## Dataset section
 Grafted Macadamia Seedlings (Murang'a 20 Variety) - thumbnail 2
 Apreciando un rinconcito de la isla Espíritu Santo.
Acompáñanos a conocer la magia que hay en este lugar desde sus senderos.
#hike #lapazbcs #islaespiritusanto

## What the exercise asks
Each line from the line holding "Apreciando un rinconcito" through the end of the material above is to be printed exactly, both ends included, and no other line is to appear.

## Exercise solution
 Apreciando un rinconcito de la isla Espíritu Santo.
Acompáñanos a conocer la magia que hay en este lugar desde sus senderos.
#hike #lapazbcs #islaespiritusanto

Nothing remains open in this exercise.